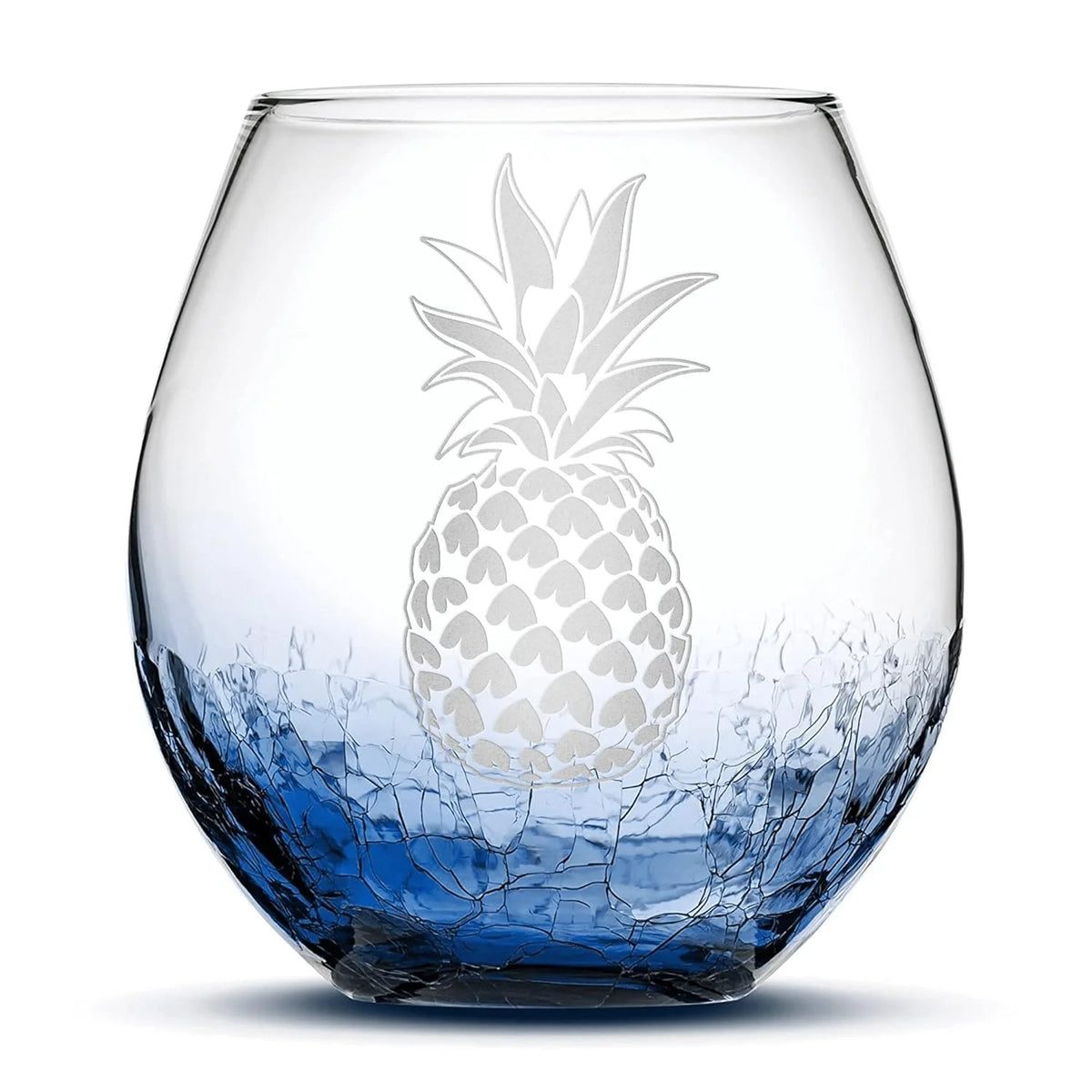 Handblown Hand Etched 18Oz Stemless Wine Glass O434381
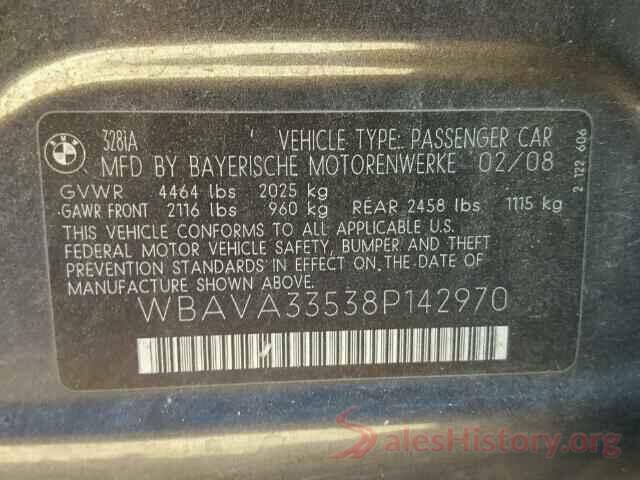 5FNYF5H32LB027803 2008 BMW 3 SERIES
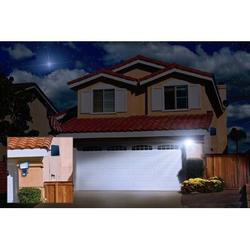 Nature Power LED Solar Powered Battery Operated Outdoor Security Flood Light w/ Motion Sensor in Black | Wayfair 22050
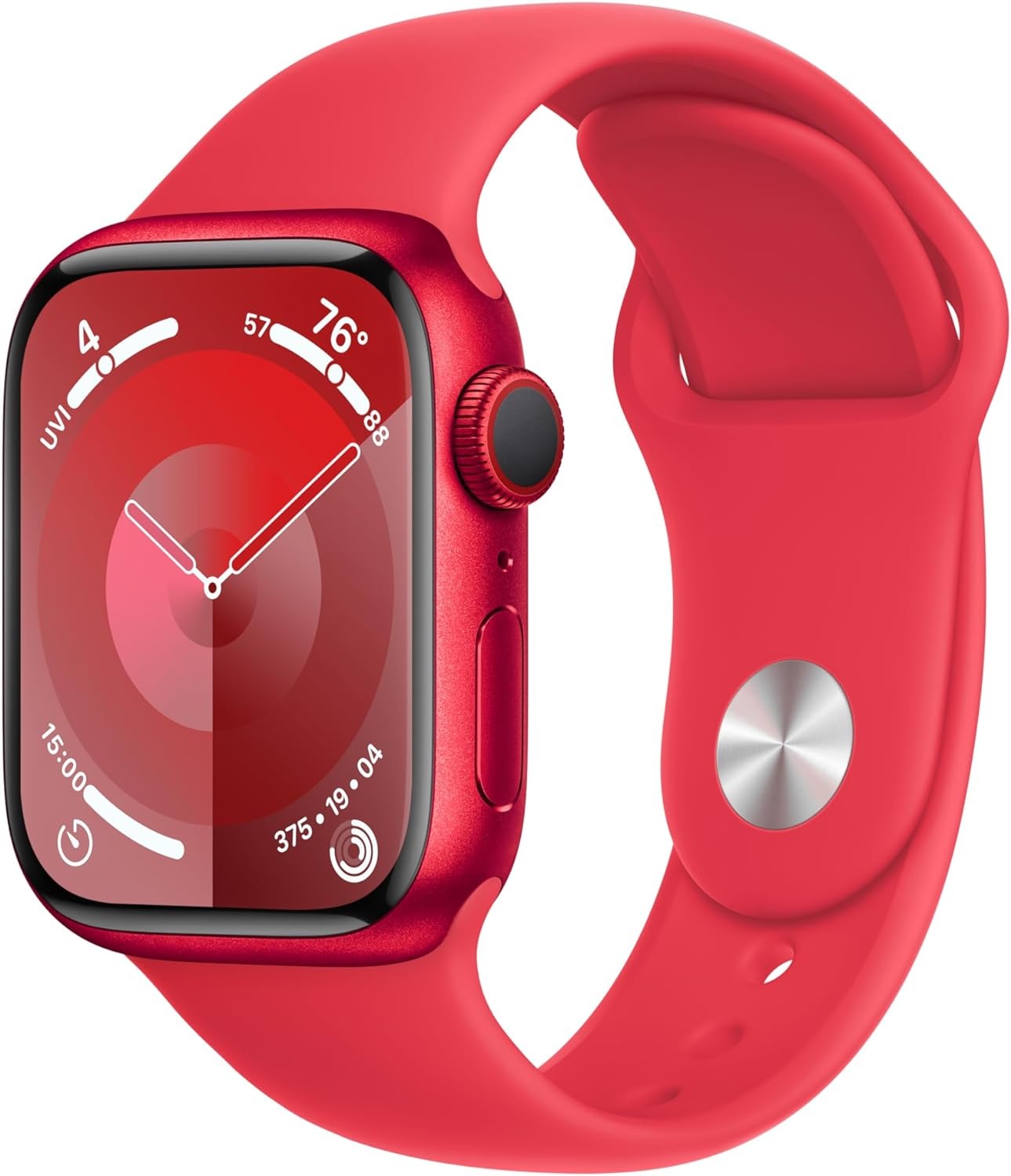 $306.78 Apple Watch Series 9 GPS Cellular 41mm Smartwatch with Product RED Aluminum Case with Product RED Sport Band M/L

===============

Problem to solve
Reproduce the listing exactly. The pictures are to be omitted.

Solution to the exercise
 Handblown Hand Etched 18Oz Stemless Wine Glass O434381
 5FNYF5H32LB027803 2008 BMW 3 SERIES
 Nature Power LED Solar Powered Battery Operated Outdoor Security Flood Light w/ Motion Sensor in Black | Wayfair 22050
 $306.78 Apple Watch Series 9 GPS Cellular 41mm Smartwatch with Product RED Aluminum Case with Product RED Sport Band M/L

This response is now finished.